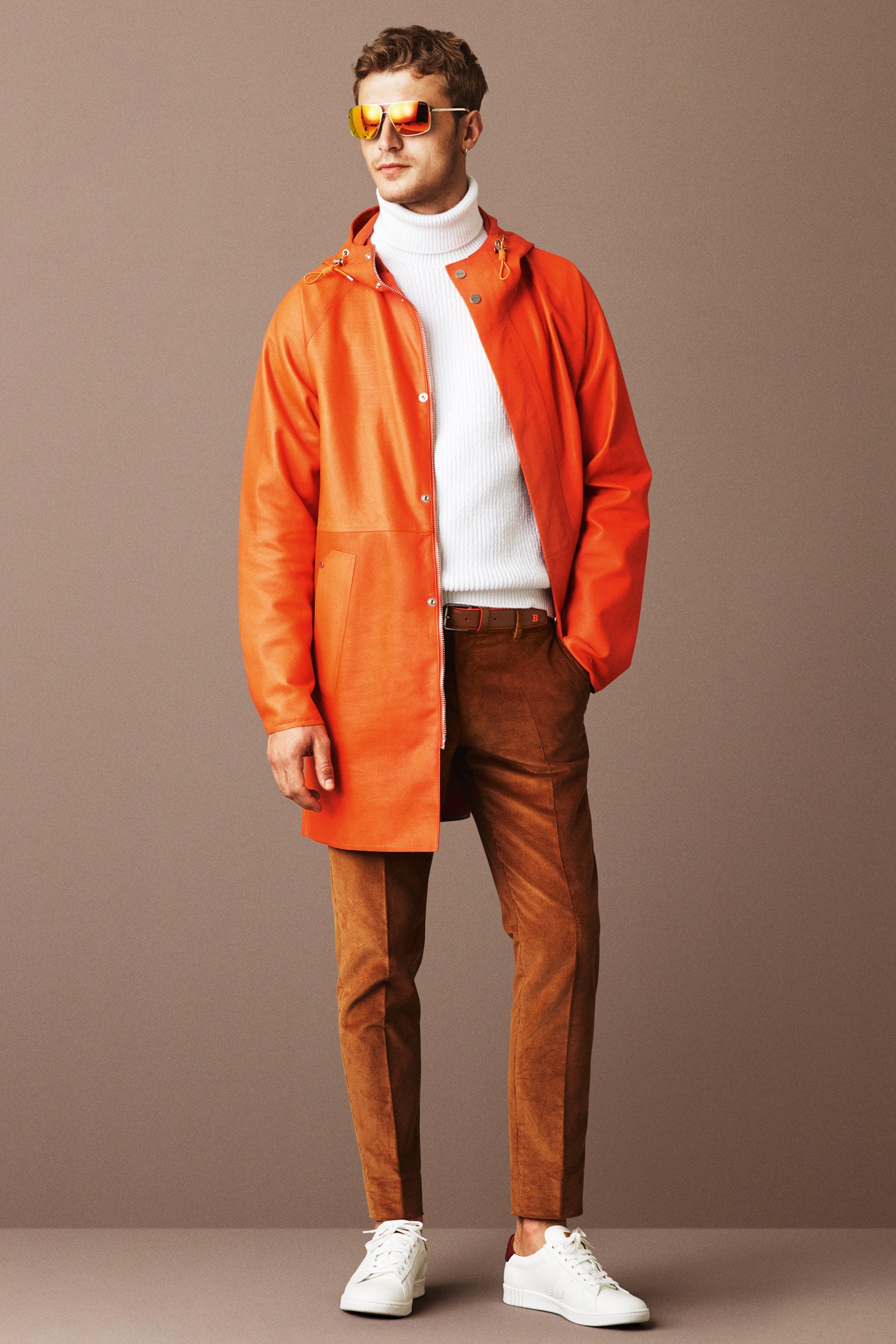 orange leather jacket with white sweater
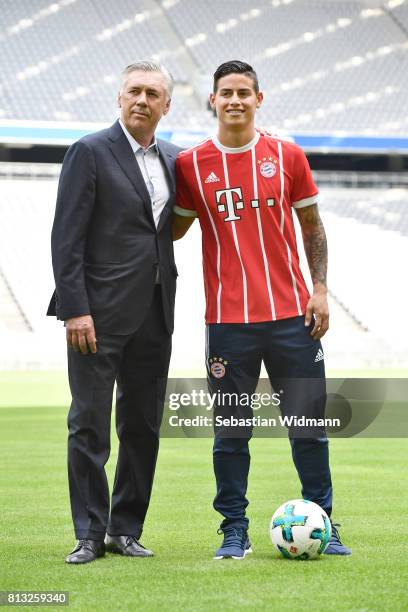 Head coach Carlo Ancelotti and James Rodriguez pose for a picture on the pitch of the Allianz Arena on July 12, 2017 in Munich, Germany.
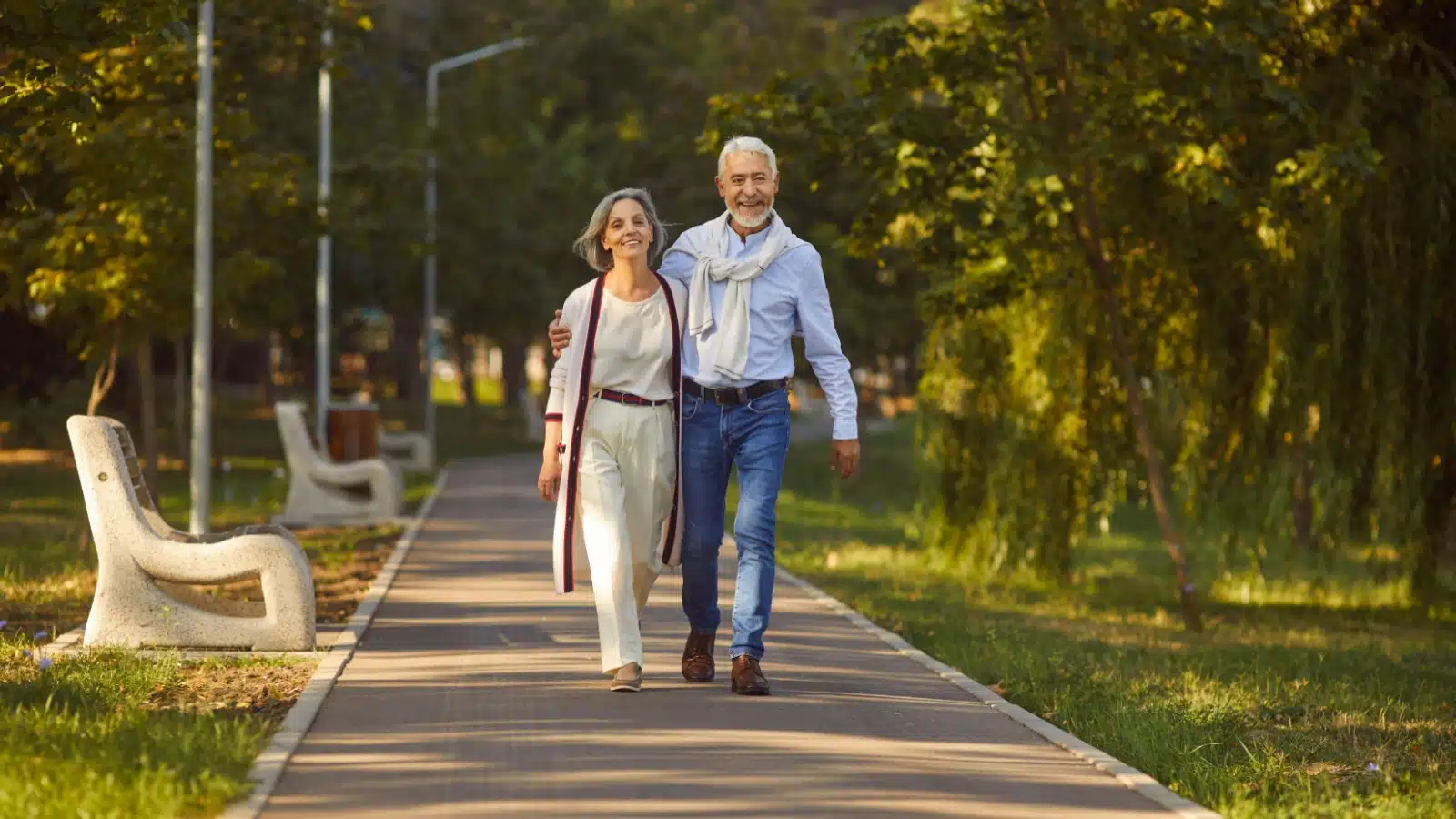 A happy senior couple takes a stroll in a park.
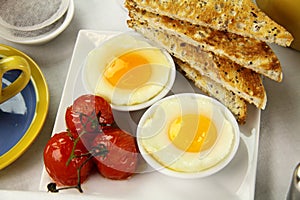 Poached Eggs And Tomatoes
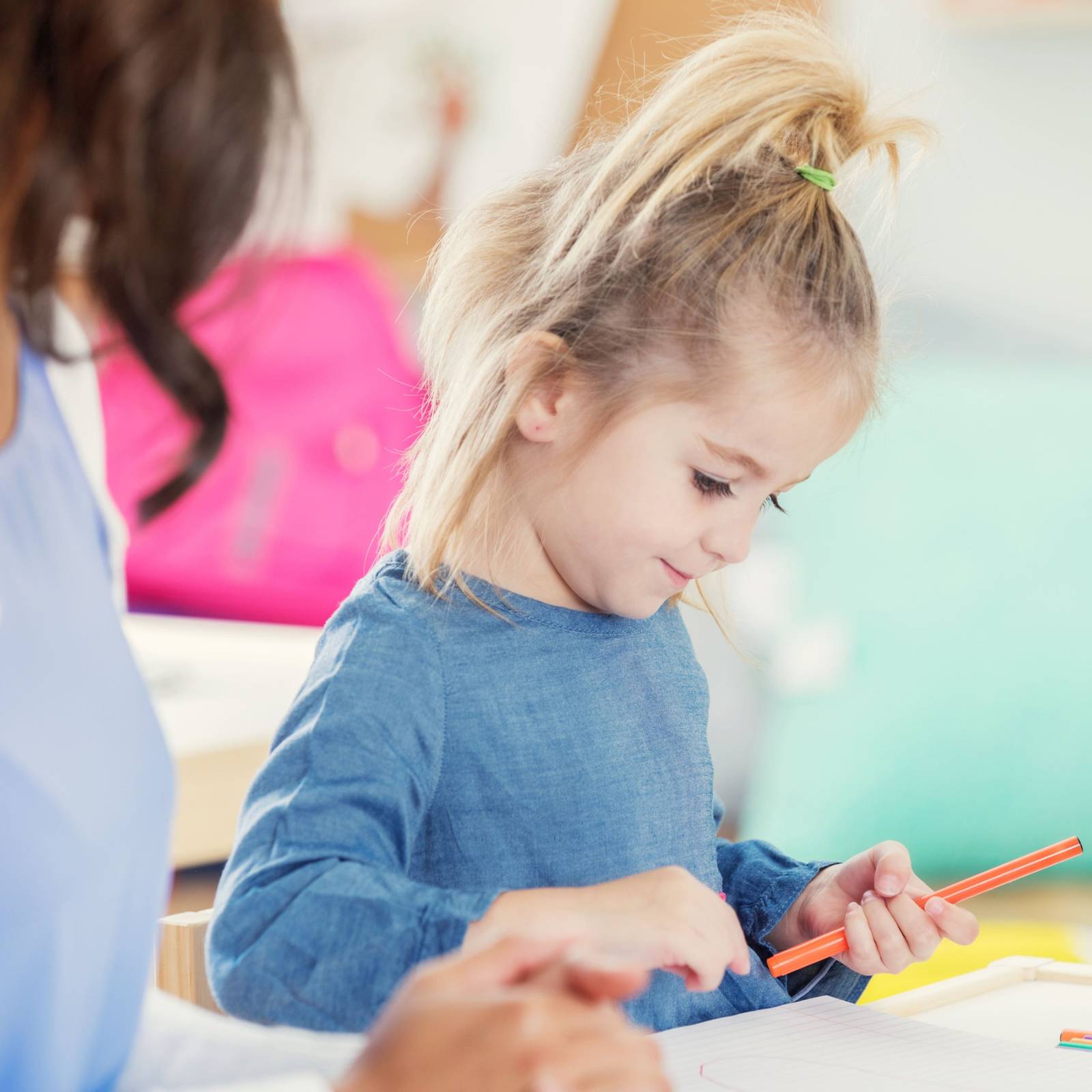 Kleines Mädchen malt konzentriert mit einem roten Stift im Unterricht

* * *

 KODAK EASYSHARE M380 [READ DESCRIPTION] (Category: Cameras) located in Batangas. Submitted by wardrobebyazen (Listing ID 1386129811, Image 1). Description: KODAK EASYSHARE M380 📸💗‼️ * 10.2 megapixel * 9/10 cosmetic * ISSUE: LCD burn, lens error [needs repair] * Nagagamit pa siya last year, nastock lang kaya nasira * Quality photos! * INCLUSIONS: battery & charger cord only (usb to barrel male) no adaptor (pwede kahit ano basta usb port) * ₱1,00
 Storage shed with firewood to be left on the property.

* [Assignment]
Using the data above, retype exactly and only the lines from the one containing "orange leather jacket with white sweater" up to and including the one containing "Kleines Mädchen malt", with no pictures carried over.

* [The answer]
 orange leather jacket with white sweater
 Head coach Carlo Ancelotti and James Rodriguez pose for a picture on the pitch of the Allianz Arena on July 12, 2017 in Munich, Germany.
 A happy senior couple takes a stroll in a park.
 Poached Eggs And Tomatoes
 Kleines Mädchen malt konzentriert mit einem roten Stift im Unterricht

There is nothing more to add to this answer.